| A virtual shot of the tracks near Jorebungalow
Darjeeling, Nov. 9: In about two years time, you can step into the shoes of Franklin Prestage, the creator of Darjeeling Himalayan Railway (DHR).
The general manager of Eastern Bengal Railway Company had completed the engineering feat in 1878. Now, a team of eight software professionals scattered across the globe has started work on The Trainz Darjeeling Himalayan Railway Project, which once completed will allow the user to create a virtual DHR using realistic terrain and tracks.
The team started the project in 2006 using the computer programme Trainz Railroad Simulator 2004 that runs on Windows 98 and Windows XP. The user can build the railways and travel on the toy train either as a passenger or an engineer enjoying a 360 degrees view as in real life.

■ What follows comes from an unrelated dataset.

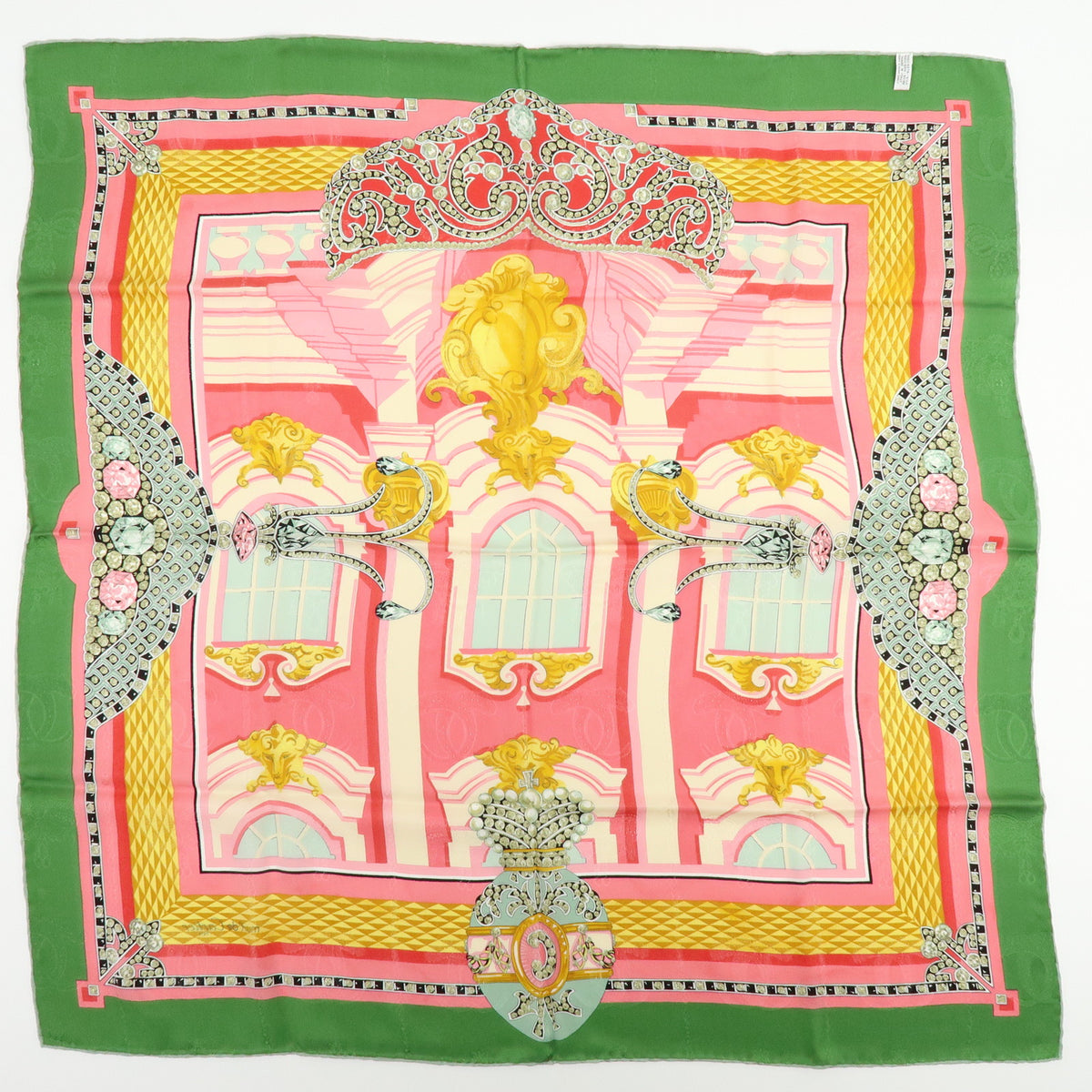 Cartier Must de Cartier Silk 100% Scarf Pink Green Multicolor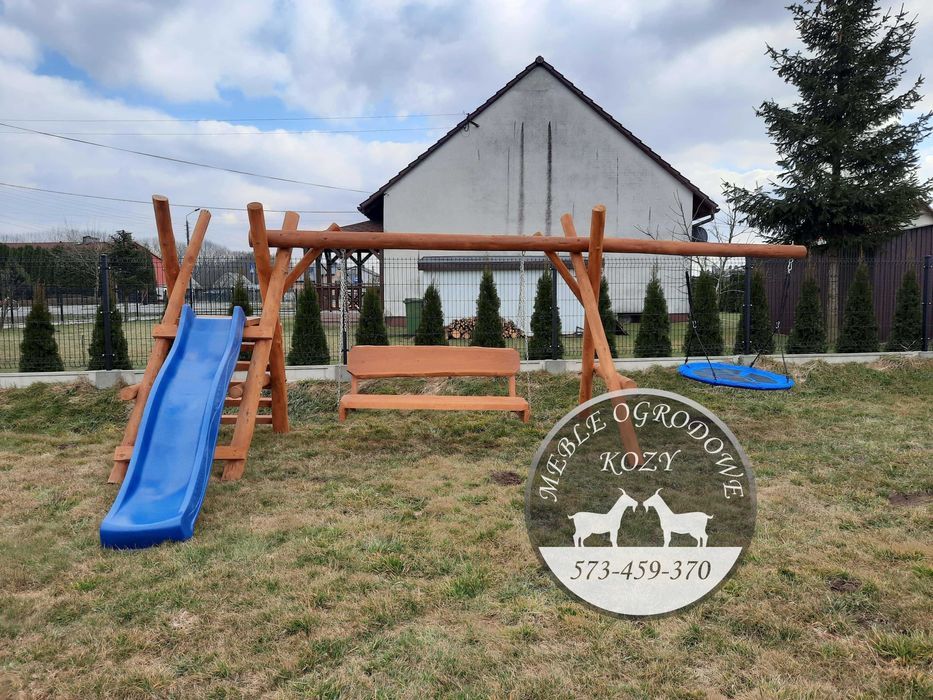 PROMKA! Drewniana huśtawka ogrodowa z grubych bali / Plac zabaw Stelaż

Because the model is being created in full scale, it will take just as long to run a model train from the tea gardens in the foothills to Darjeeling as it does in real life around 8.5 hours, wrote one of the creators, John DAngelo, in an email to The Telegraph. The difference is that you can stop the train and save your position in the programme and restart the next day.
While DAngelo is the all round text processor, Peter Pardoe-Matthews from Australia is creating the steam models and the Hill Cart Road section. David Drake from the US is working to replicate the over 1,000 buildings along the stretch, while Tony Weber, also from Australia, is working on the natural surrounding and the individual stations.
American software professional Bill Slack is using US government survey maps and NASA geographic data as inputs to create the digital elevation model to replicate the terrain from an altitude of about 400 feet to over 7,000 feet in Ghoom.
Noel Brettoner (from New Zealand) is now working on the section from Rangtong southwards to our starting point near Milepost 5 (Mohorgong Tea Garden) and incorporating the completed customised items into the model. We decided to start from the Mohorgong Tea Garden as the section from New Jalpaiguri to the tea garden was less interesting, DAngelo wrote. Rick Knepp (US) and Ted Stuckey (Australia) are also working on the project.
The creators maintained that the cost of the project is as low as US$ 30, which the team had to pay to download Trainz Railroad Simulator 2004. All the members of the group are doing this work free of charge. There is also no intention of charging anyone for downloading the DHR model when it is completed, DAngelo added.